I concede the possibility that every weekday morning the bigwigs at Honda and Toyota and GM sit around a conference room table and pound their fists about the unacceptability of so many road fatalities. If this is the case, I've yet to hear about it.

All I see is the same marketing I assume everyone else does. These advertisements tout the car's safety features relative to other cars, a clever tactic because in order for a 'relative' safety feature to have any merit it must be compared against a fixed/accepted status quo consumers are unable to improve upon unless they pay extra money.

In the end, it should just come down to lives lost. One way to get to 30,000 deaths next year would be if my entire hometown was run over by a 34E bus on January 1, 2018. This is obviously an unrealistic scenario (though not difficult to imagine as my premise for a modern interpretation on 'The Lottery').

5. FOR FREE!

The baffling aspect of 'on street' parking is how it seems to contradict my understanding of local land values. I used to live in an apartment in South Boston where the driveway rented for around $300 per month. That's about $10 per day for a fixed place to leave a car all year.

To calculate what an on-street spot should go for based on $10 per day for a driveway, I first needed to understand the premium for temporary parking compared to permanent parking. To calculate such an amount, I looked at how hotels were priced relative to apartment rents. My logic was the difference between the permanent living space and the temporary one would give me a decent estimate of the premium an on-street space should charge.
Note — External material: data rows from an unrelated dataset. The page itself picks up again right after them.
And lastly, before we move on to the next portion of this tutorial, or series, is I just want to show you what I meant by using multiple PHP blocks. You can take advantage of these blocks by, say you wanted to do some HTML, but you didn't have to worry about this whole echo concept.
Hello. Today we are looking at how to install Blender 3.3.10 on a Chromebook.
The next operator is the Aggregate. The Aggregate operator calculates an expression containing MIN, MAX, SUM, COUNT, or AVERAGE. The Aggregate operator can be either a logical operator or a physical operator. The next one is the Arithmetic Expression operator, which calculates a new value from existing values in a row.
My casual observation concluded hotels go for around two to three times the daily rent of area apartments. Using $10 per day for my former driveway, on street parking should go for around $20 to $30 per day. It feels about right because local parking garages charge a comparable amount for all-day parking.
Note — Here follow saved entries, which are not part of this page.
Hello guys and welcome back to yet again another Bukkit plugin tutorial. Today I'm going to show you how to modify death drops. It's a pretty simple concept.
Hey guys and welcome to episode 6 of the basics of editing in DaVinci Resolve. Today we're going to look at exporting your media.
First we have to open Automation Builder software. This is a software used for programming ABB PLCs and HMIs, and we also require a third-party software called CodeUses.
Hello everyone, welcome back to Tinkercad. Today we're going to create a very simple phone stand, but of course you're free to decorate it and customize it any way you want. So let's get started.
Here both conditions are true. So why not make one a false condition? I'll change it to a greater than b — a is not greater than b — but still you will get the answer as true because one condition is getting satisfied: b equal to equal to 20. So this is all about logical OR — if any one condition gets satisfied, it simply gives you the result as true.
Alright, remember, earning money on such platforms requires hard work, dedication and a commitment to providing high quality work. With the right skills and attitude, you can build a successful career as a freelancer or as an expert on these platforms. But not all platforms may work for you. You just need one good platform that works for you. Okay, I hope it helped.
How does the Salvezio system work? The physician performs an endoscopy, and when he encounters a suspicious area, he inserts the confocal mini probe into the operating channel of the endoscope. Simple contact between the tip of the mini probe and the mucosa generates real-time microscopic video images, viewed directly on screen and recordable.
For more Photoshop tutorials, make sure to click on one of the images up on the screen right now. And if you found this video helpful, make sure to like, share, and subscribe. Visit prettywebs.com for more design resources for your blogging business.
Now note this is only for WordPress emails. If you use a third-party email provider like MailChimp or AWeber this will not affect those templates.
I looked up what the rates are on local meters and found the range varied from $1.25 to $4 per hour. This is not quite the 'close but no cigar' result I was expecting. A driver paying to park all day at those rates will spend somewhere between $15 and $40 per day or so. But keep in mind the meter rates do not factor in all the free spaces available. If the free and metered spaces were averaged out, the hourly 'rate' will surely fall.

On the topic of free...people love FREE stuff, do they not? Those who choose to drive in gas-guzzling circles seeking a FREE space instead of paying some garage $10 might choose differently if the FREE on-street option was eliminated. Just by charging a nominal sum, a city could dissuade some of the congestion-causing traffic resulting from people seeking out a FREE space. These drivers would either drive straight to a garage or find an alternate means to enter the city.

6. Will the next invention be the self-ranting blogger?

I wanted to rant against the self-driving car in this post but it (somehow) didn't fit. So, I'll just put into this footnote the thing I always rant about regarding these self-driving autos:

If automating driving is so easy, why are humans still driving subway cars?

And the self-driving car is not really a special example. Almost all inventions appear designed to take driving decisions away from drivers. What's the last invention whose purpose was to make drivers better at driving?

7. I passed, by the way...

I thought the test was funny at the time but I know better than to laugh today. My singular experience hardly proves any larger trend, of course, but I'm open to explanations about this whole 'thirty thousand deaths a year' thing.

8. Well, among other things...

If agency was such a simple concept to teach, Vanderbilt's Traffic would have fit on the back of a t-shirt. It would have looked like this:

Traffic by Tom Vanderbilt

Chapter 1: Drive better...

The End

Perhaps, a bumper sticker would work better:

"If you can read this, get your eyes back on the road!"

9. And what is this 'current path', dare I ask?

Glad you asked! It's the one where car makers produce expensive new safety features every year while the rest of us struggle through clogged intersections, the unavoidable result of months-long construction projects resulting from traffic engineers deciding to change two traffic lightbulbs and paint a couple of stripes on the road to improve traffic flow by a percentage point or two.